When we start to talk about mortgages and lending, there are a lot of terms that pop up like ARMs, interest rates, fixed rates, conventional, equity, closing dates, etc. Then there are a few names tossed around, too – Fannie Mae, Ginnie Mae and Freddie Mac. These aren’t celebrities walking the red carpet of the lending world, but rather government-sponsored mortgage companies. Today I’m going to focus on the “ladies,” Fannie and Ginnie.
What’s With These Mortgage Company Names?
It may seem odd to have mortgage companies with such southern-sounding names, but in actuality, the names are acronyms of sorts.
Fannie Mae stands for Federal National Mortgage Association. FNMA became fondly referred to as Fannie Mae. Ginnie Mae stands for Government National Mortgage Association, with the name derived from the acronym of GNMA. So now that we are on a first-name basis, let’s discuss what each one does.
How Did These Companies Come About?
Each of the Maes was founded in a unique way for a specific purpose. Here’s a bit on their history:
- Fannie Mae – Back in 1938, the Federal National Mortgage Association, affectionately known as Fannie Mae, was established as a portion of Franklin D. Roosevelt’s New Deal. Its creation was part of an effort to secure mortgages through mortgage-backed securities. These mortgage-backed securities are mortgage loans that are bundled and sold to investors. As a result, FDR helped increase the availability of lenders in the U.S., because lenders were freed up from only using personal or private funding for home loans. It gave them options! Fannie Mae and the New Deal made homeownership more accessible to Americans.

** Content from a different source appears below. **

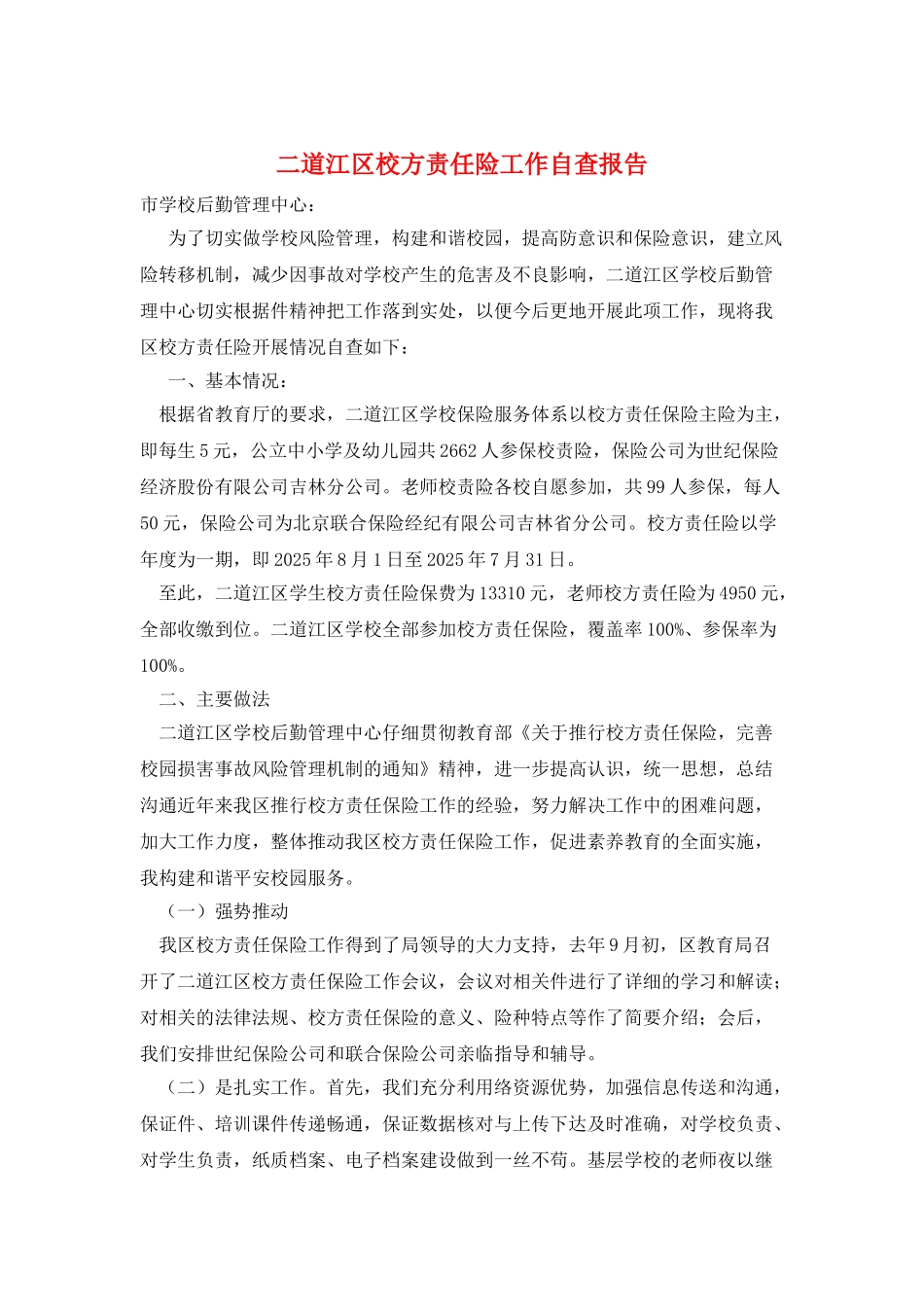 二道江区校方责任险工作自查报告_第1页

Three cheers for that!
- Ginnie Mae – The Government National Mortgage Association, or Ginnie Mae, came along 30 years later in 1968. The idea was similar to FDR’s, aiming to create Ginnie Mae in order to make homeownership a reality for more people through increased access to mortgage loans. This program is an extension of the Department of Housing and Urban Development and offers non-conventional loans like FHA, VA and USDA loans. These loans are government insured, meaning that if you default on your loan, the government has your back. The interest rates are typically lower on government-insured loans, and they are usually easier to obtain approval for.
How Do Fannie and Ginnie Affect Me?
Regardless of whether or not you seek or receive a mortgage through one of these associations, Fannie and Ginnie do affect your mortgage. These organizations set guidelines and regulations that all mortgage lending institutions must abide by; this applies to private banks and direct lenders.
We should all be interested in the health of these organizations, because without them, fewer Americans would have access to homeownership and when they release new regulations, it affects all of us through our mortgage terms.